Question

How do you write a quadratic equation with vertex $\left( 2,1 \right)$ and y intercept $\left( 0,-3 \right)$?

Answer 1

Hint: We have to find the quadratic equation with vertex $\left( 2,1 \right)$ and y intercept $\left( 0,-3 \right)$. The equation will be a general equation of parabola. We equate the required equation of parabolic curve with the general equation of ${{\left( x-\alpha \right)}^{2}}=4a\left( y-\beta \right)$. We put the values of y intercepts and the vertex coordinate.

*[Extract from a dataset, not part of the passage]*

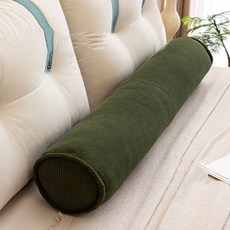Veralool 바디필로우 부드러운 코듀로이 커버 롱쿠션 솜중량업 일자형 원통 사계절 골덴 긴베개, 검푸른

Complete step by step answer:
The general equation ${{\left( x-\alpha \right)}^{2}}=4a\left( y-\beta \right)$ is a parabolic curve.
For the general equation $\left( \alpha ,\beta \right)$ is the vertex. 4a is the length of the latus rectum. The coordinate of the focus is $\left( \alpha ,\beta +a \right)$.
This gives the vertex as $\left( 2,1 \right)$. Putting the value in ${{\left( x-\alpha \right)}^{2}}=4a\left( y-\beta \right)$, we get
$\begin{align}
  & {{\left( x-\alpha \right)}^{2}}=4a\left( y-\beta \right) \\
 & \Rightarrow {{\left( x-2 \right)}^{2}}=4a\left( y-1 \right) \\
\end{align}$
We need to find the value of $a$.
We now find the Y-axis intercepts. In that case for the Y-axis, we have to take the coordinate values of x as 0. Putting the value of $\left( 0,-3 \right)$ in the equation ${{\left( x-2 \right)}^{2}}=4a\left( y-1 \right)$, we get
$\begin{align}
  & {{\left( 0-2 \right)}^{2}}=4a\left( -3-1 \right) \\
 & \Rightarrow -16a=4 \\
 & \Rightarrow 4a=-\dfrac{4}{4}=-1 \\
\end{align}$
Putting value of $4a$ in the equation ${{\left( x-2 \right)}^{2}}=4a\left( y-1 \right)$, we get
$\begin{align}
  & {{\left( x-2 \right)}^{2}}=4a\left( y-1 \right) \\
 & \Rightarrow {{\left( x-2 \right)}^{2}}=-\left( y-1 \right)=1-y \\
\end{align}$
Now simplifying we get
$\begin{align}
  & {{\left( x-2 \right)}^{2}}=1-y \\
 & \Rightarrow {{x}^{2}}-4x+3+y=0 \\
\end{align}$
The quadratic equation is ${{x}^{2}}-4x+3+y=0$.

Note:
The maximum point of the function ${{\left( x-2 \right)}^{2}}+\left( y-1 \right)=0$ is $\left( 2,1 \right)$. The graph is bounded at that point. But on the other side the curve is open and not bounded. The general case of parabolic curve is to be bounded at one side to mark the vertex.